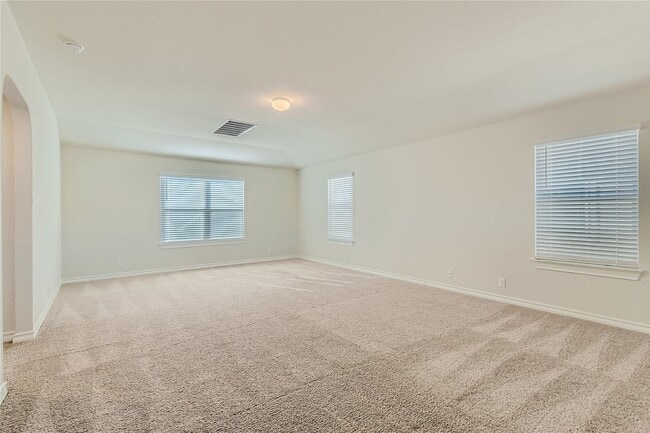 Building Photo - Awesome Amenities!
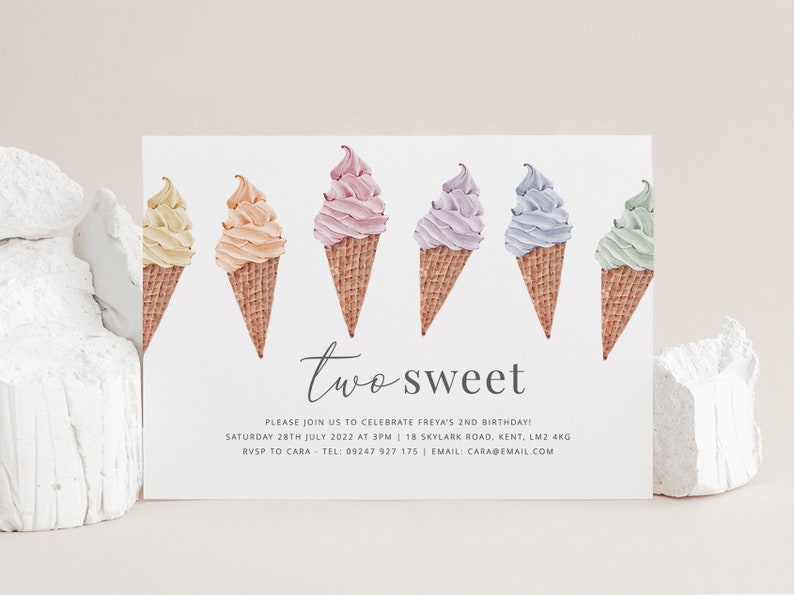 Op de afbeelding: Een kleurrijke uitnodigingskaart met de tekst "two sweet" en een rij van zes ijshoorns in verschillende pastelkleuren. De tekst onder de ijshoorns luidt "Please join us to celebrate Freya's 2nd birthday! Saturday 28th July 2022 at 3pm | 18 Skylark Road, Kent, LM2 4KG RSVP to Cara - Tel: 09247 927 175 | Email: caragemail.com"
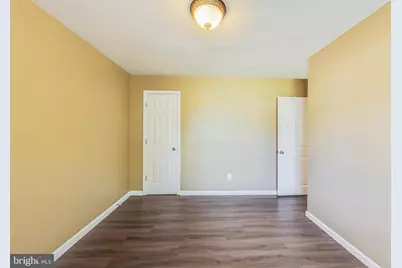 908 E Meadows Court, Oxon Hill, MD 20745 - Photo 17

*Problem to work on*
Reproduce every line above as written, skipping pictures.

*Result of this exercise*
 Building Photo - Awesome Amenities!
 Op de afbeelding: Een kleurrijke uitnodigingskaart met de tekst "two sweet" en een rij van zes ijshoorns in verschillende pastelkleuren. De tekst onder de ijshoorns luidt "Please join us to celebrate Freya's 2nd birthday! Saturday 28th July 2022 at 3pm | 18 Skylark Road, Kent, LM2 4KG RSVP to Cara - Tel: 09247 927 175 | Email: caragemail.com"
 908 E Meadows Court, Oxon Hill, MD 20745 - Photo 17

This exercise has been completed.